Even this brief account of the surgeons who taught and studied at the medieval universities demonstrates what fine work they did. It is surely not too much to say that the chapter on university education mainly concerned with them is one of the most interesting in the whole history of the universities. Their story alone is quite enough to refute most of the prevalent impressions and patronizing expressions with regard to medieval education. Their careers serve to show how interested were the men of many nations in the development of an extremely important application of science for the benefit of suffering humanity. Their work utterly contradicts the idea so frequently emphasized that the great students of the Middle Ages were lacking in practicalness. Besides, they make very clear that we have been prone to judge the Middle Ages too much from its speculative philosophies. It has been the custom to say that speculation ruled men’s minds and prevented them from making observations, developing science, or applying scientific principles. There was much speculation during the Middle Ages, but probably not any more in proportion than exists at the present day. We were either not acquainted with, or failed to appreciate properly, until comparatively recent years, the other side of medieval accomplishment.
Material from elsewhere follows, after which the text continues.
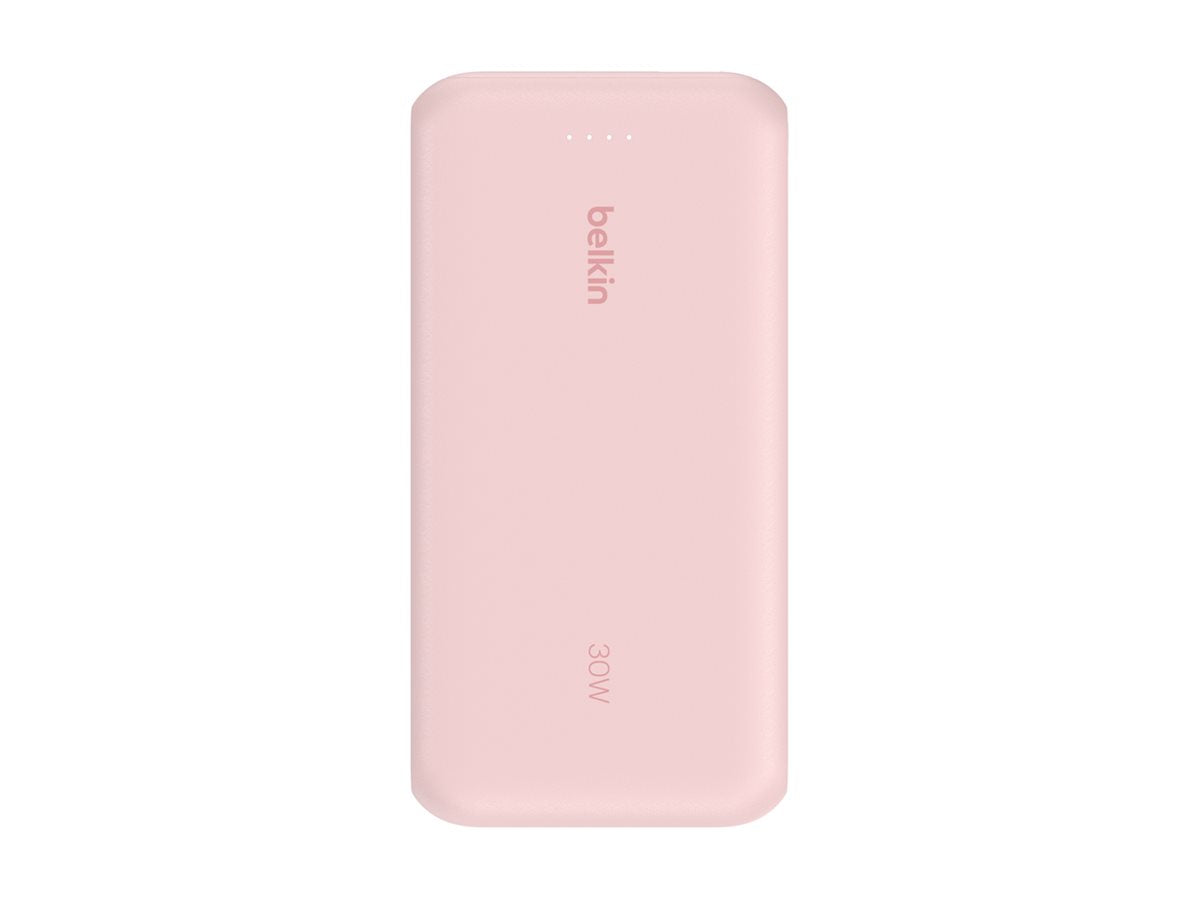 BELKIN 20k PD30w Integrated USB-C Cable Power Bank Pink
Our ignorance led us into misunderstanding of what these generations really did. It was our own fault, because during the Renaissance practically all of these books were edited and printed under the direction of the great scholars of the time in fine editions, but during the eighteenth century nearly all interest was lost in them, and we are only now beginning to get back a certain amount of the precious knowledge that they had in the Renaissance period of this other side of medieval life. We have learned so much about surgery because distinguished scholars devoted themselves to this phase of the history of science. Doubtless there are many other phases of the history of science which suffered the same fate of neglect and with regard to which the future will bring us equally startling revelations. For this reason this marvellous chapter in the history of surgery is a warning as well as a startling record of a marvellous epoch of human progress.